Stored entries:
"""

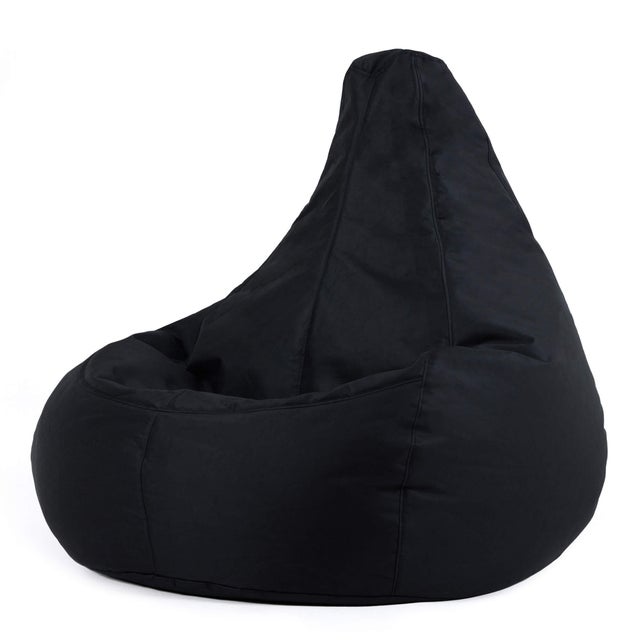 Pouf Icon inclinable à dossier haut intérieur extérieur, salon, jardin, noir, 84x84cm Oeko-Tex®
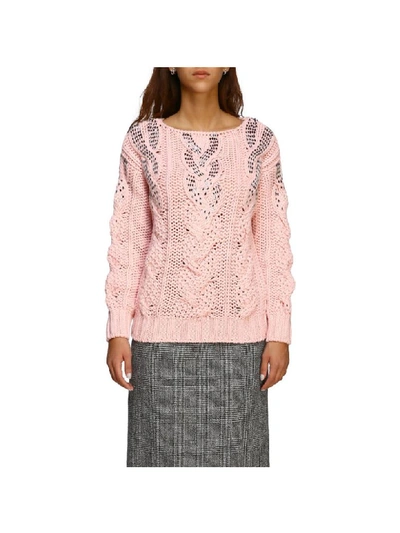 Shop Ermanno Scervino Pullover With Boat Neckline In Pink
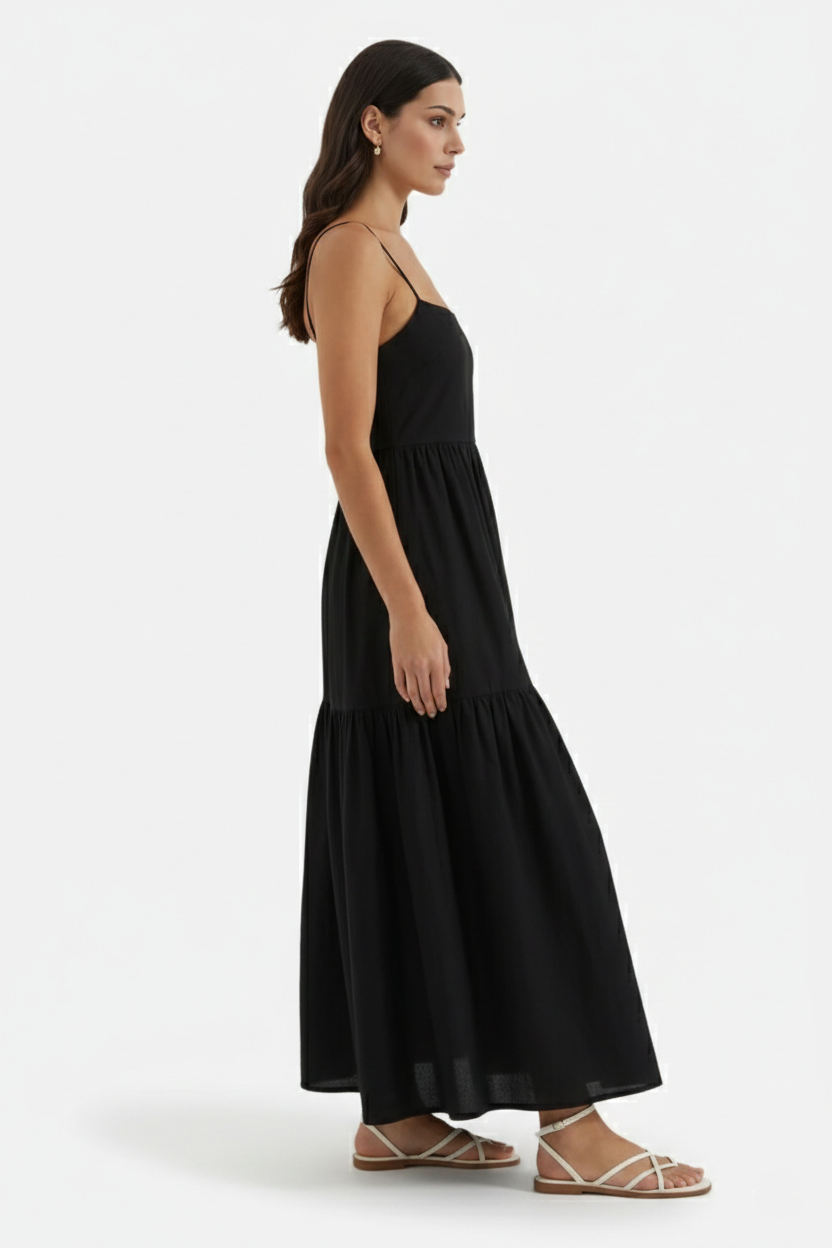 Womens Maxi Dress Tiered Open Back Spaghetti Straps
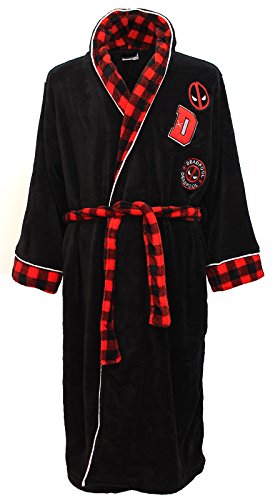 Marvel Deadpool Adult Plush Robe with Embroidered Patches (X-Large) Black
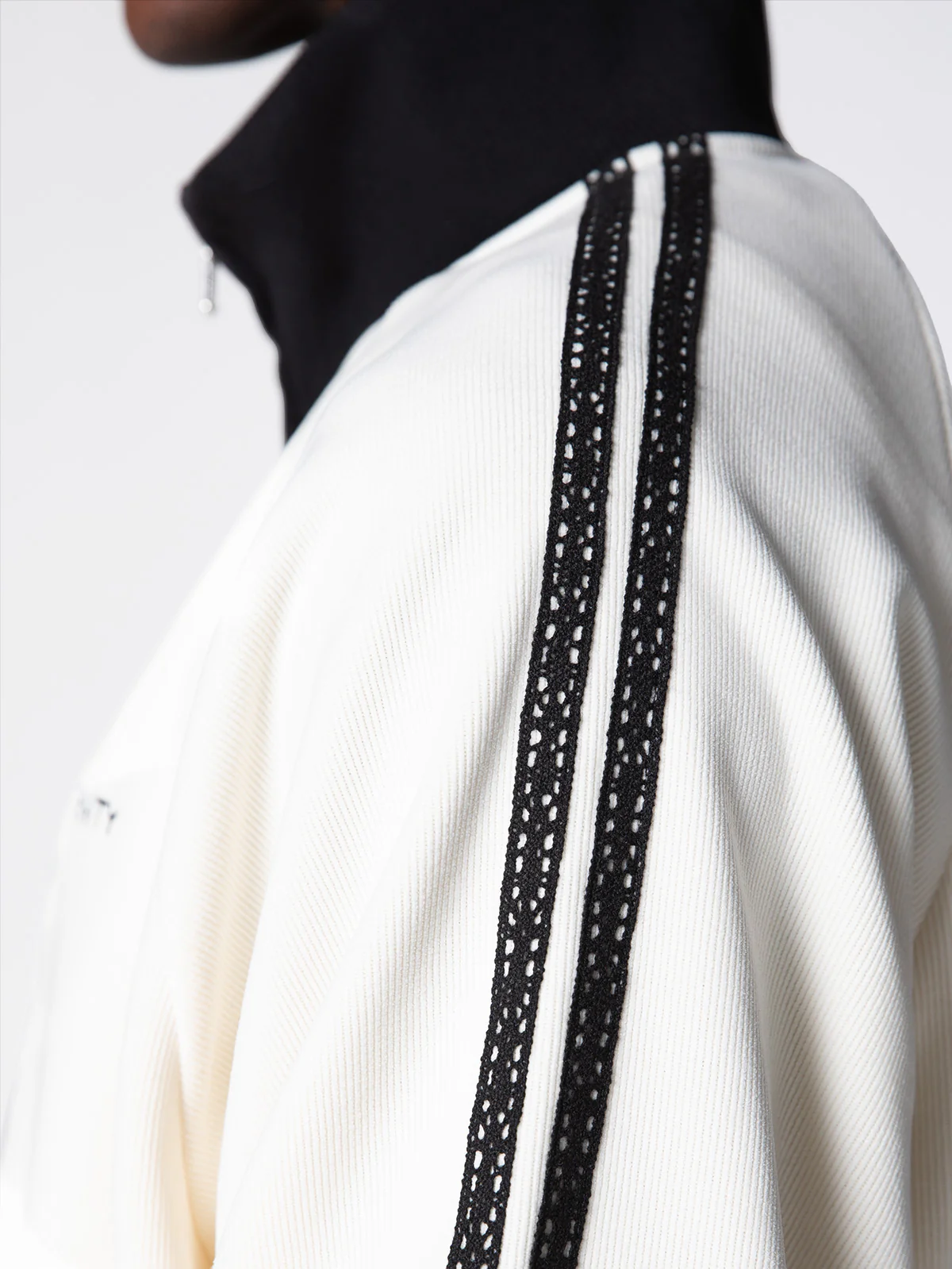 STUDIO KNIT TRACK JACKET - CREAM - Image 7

"""

**WHAT IS EXPECTED:** All of the data should be returned word for word, with each picture left out.

**REPLY TO THE TASK:**
 Pouf Icon inclinable à dossier haut intérieur extérieur, salon, jardin, noir, 84x84cm Oeko-Tex®
 Shop Ermanno Scervino Pullover With Boat Neckline In Pink
 Womens Maxi Dress Tiered Open Back Spaghetti Straps
 Marvel Deadpool Adult Plush Robe with Embroidered Patches (X-Large) Black
 STUDIO KNIT TRACK JACKET - CREAM - Image 7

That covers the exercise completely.